* **Data**
┌────────

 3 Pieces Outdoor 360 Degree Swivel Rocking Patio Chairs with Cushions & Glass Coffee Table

└────────
┌────────

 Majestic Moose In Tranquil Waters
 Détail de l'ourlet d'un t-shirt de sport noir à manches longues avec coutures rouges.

└────────
┌────────

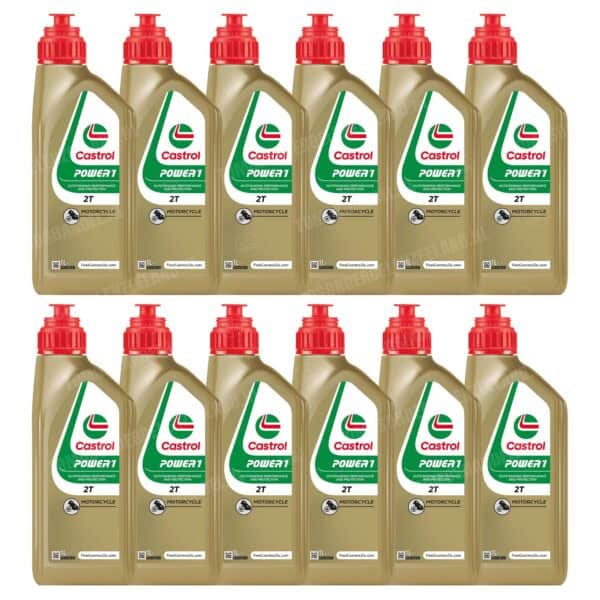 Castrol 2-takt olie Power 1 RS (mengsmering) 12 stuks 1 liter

└────────

* **Task item**
Take the stretch of lines above from the one containing "Majestic Moose In Tranquil Waters" through the one containing "Détail de l'ourlet" and repeat it exactly, adding no other line.

* **Response to the exercise**
 Majestic Moose In Tranquil Waters
 Détail de l'ourlet d'un t-shirt de sport noir à manches longues avec coutures rouges.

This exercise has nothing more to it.